I quote: “The application is currently under review. Approval decision has not been finalized as we are hoping to work with the applicant to avoid removing the trees involved, if possible.”
“FYI, there was a different application submitted in August 2016 also for the removal of 2 city trees and one private tree. The trees were in poor condition and directly involved in the installation of the new parking area and new walkway connecting to the public sidewalk. The trees have been removed and the walkway and parking have already been completed.”
There is much interest in this story – among residents, that is.
The story may turn out to be an apt metaphor for “how things are done” in Long Branch – with reference to urban planning, and with reference to decision making in general. In general terms, with occasional and noteworthy exceptions, the track record regarding urban planning in South Etobicoke to date is not inspiring.
For my own small part, primarily as an expression of my own sense of what makes sense, if the trees are gone, I will make a point of boycotting the business that turns up, once construction is completed, at the building located directly to the east of No Frills.

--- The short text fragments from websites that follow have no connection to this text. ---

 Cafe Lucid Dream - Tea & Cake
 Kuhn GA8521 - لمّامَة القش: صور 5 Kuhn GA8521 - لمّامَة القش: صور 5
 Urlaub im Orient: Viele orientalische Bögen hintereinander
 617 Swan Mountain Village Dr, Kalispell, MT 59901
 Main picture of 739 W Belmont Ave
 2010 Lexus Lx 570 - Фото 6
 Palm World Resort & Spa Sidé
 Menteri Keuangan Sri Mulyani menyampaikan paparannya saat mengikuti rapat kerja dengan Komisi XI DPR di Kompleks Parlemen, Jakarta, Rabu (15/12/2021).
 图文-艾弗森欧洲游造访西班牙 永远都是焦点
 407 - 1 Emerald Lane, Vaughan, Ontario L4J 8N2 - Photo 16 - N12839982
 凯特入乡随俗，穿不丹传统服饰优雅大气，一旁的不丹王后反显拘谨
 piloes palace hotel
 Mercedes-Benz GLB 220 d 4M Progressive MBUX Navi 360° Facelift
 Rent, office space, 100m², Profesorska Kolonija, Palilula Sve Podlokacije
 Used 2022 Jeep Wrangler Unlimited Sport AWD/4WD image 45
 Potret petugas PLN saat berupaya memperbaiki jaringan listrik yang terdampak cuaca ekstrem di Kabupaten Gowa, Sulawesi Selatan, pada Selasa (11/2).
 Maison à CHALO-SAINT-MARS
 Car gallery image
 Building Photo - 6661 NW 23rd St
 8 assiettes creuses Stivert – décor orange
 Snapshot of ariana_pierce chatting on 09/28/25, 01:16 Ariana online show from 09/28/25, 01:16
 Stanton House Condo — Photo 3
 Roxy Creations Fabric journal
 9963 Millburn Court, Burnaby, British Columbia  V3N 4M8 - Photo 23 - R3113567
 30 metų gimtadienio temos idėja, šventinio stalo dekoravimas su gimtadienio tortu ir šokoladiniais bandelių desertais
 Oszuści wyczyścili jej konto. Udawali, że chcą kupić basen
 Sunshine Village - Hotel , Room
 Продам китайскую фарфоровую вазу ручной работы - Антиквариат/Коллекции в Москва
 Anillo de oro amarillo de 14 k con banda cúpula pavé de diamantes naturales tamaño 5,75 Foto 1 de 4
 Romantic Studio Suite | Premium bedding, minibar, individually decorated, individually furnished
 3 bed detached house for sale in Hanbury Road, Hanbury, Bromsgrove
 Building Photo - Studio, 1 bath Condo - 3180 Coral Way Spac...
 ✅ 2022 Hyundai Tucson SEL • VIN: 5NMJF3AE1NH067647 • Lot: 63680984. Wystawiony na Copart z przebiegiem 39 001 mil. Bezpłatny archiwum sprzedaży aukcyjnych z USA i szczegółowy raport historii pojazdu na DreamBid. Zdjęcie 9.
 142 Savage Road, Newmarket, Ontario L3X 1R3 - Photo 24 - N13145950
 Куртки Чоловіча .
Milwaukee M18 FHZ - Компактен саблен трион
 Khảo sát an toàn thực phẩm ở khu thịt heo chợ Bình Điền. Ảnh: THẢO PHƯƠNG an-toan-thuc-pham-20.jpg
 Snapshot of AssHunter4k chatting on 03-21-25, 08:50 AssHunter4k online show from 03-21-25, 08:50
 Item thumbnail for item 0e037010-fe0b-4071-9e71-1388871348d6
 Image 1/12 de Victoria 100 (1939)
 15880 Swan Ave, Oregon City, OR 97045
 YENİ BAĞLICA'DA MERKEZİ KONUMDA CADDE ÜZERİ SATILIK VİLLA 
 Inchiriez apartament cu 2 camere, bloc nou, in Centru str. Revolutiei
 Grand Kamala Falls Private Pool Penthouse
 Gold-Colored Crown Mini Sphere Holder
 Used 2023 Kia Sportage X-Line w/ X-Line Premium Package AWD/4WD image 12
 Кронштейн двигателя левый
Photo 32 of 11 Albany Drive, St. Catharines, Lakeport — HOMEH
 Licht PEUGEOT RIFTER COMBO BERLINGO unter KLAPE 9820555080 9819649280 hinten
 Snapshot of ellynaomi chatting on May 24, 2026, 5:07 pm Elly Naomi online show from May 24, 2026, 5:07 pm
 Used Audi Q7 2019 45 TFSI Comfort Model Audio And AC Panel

Update: Letter from Carol Milroy
I owe many thanks to Carol Milroy for introducing me to Bill Rawson of Long Branch Furniture, many years ago at the end of a Jane’s Walk that Mike James and I had organized, in the days when we were regularly organizing such walks. Here is Carol’s letter:
And again the tree canopy of Toronto, specifically Long Branch, is under attack. The trees were there long before the sign appeared overnight. It baffles me why this sign was erected where and how it was unless those who had it placed knew in advance that there would be no obstacles to having the trees summarily removed.
Why don’t we just be done and chop down every last tree in Long Branch and have our neighbourhood renamed ‘No Branch’? I am sure that would suit the objectives of those who deem their interests to supersede those of people who live here and enjoy the benefits of a wonderful but quickly eroding tree canopy.